(Caption-style text data)
=-=-=

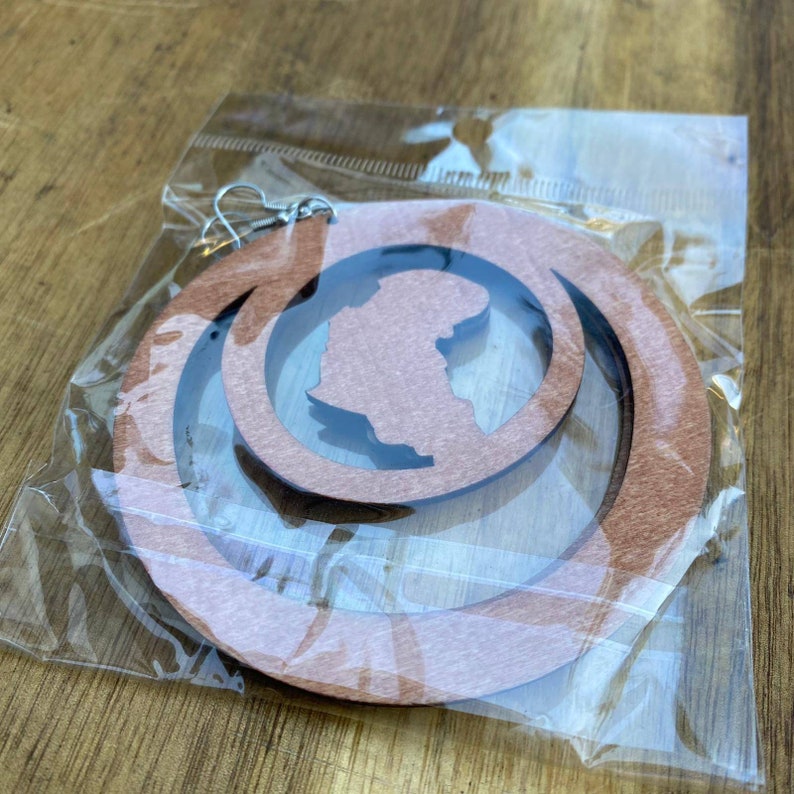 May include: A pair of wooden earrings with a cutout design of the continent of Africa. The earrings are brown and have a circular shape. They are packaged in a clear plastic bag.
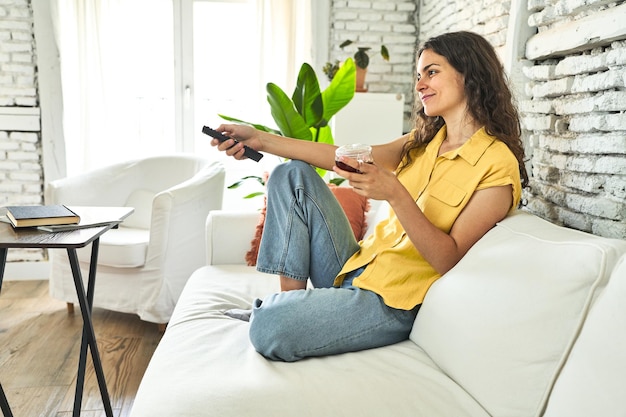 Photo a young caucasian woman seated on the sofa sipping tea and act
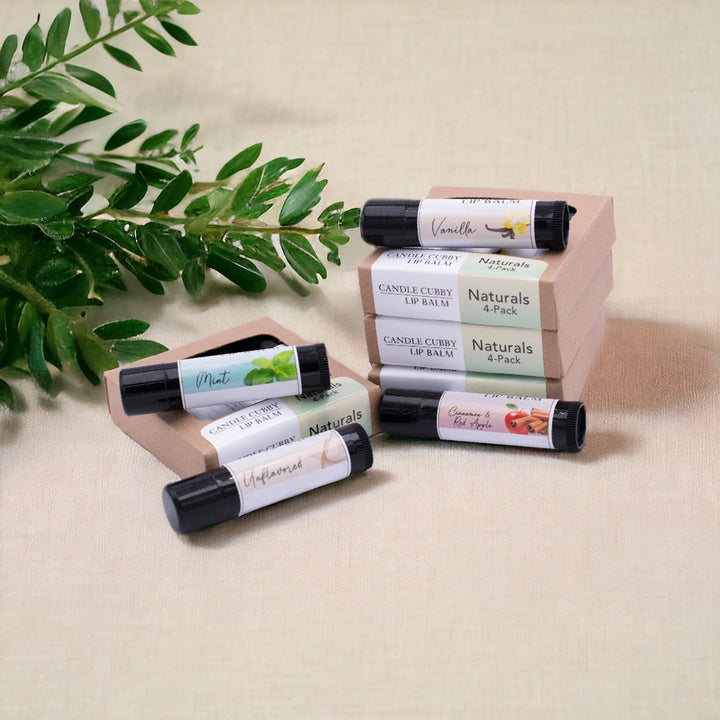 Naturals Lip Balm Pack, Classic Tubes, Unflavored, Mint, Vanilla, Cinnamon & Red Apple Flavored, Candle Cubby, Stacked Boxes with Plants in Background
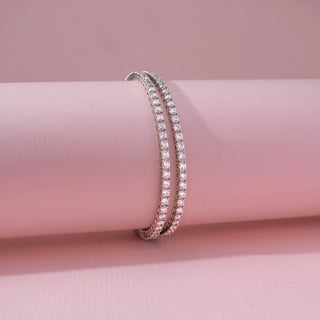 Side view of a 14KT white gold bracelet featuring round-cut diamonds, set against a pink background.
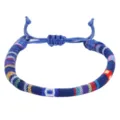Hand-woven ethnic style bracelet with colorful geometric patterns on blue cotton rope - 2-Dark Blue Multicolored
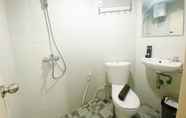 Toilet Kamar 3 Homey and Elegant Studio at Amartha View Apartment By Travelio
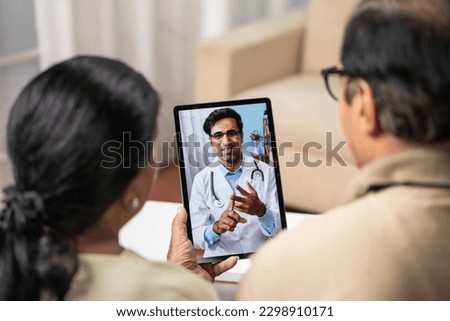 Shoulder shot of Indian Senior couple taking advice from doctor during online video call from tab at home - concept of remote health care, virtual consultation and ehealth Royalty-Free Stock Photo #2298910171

=-=-=

▸ TASK TO COMPLETE: Set down exactly the lines of the entries above from the one holding "Toilet Kamar 3" through the last one, including both, with the pictures left out.

▸ ANSWER:
 Toilet Kamar 3 Homey and Elegant Studio at Amartha View Apartment By Travelio
 Shoulder shot of Indian Senior couple taking advice from doctor during online video call from tab at home - concept of remote health care, virtual consultation and ehealth Royalty-Free Stock Photo #2298910171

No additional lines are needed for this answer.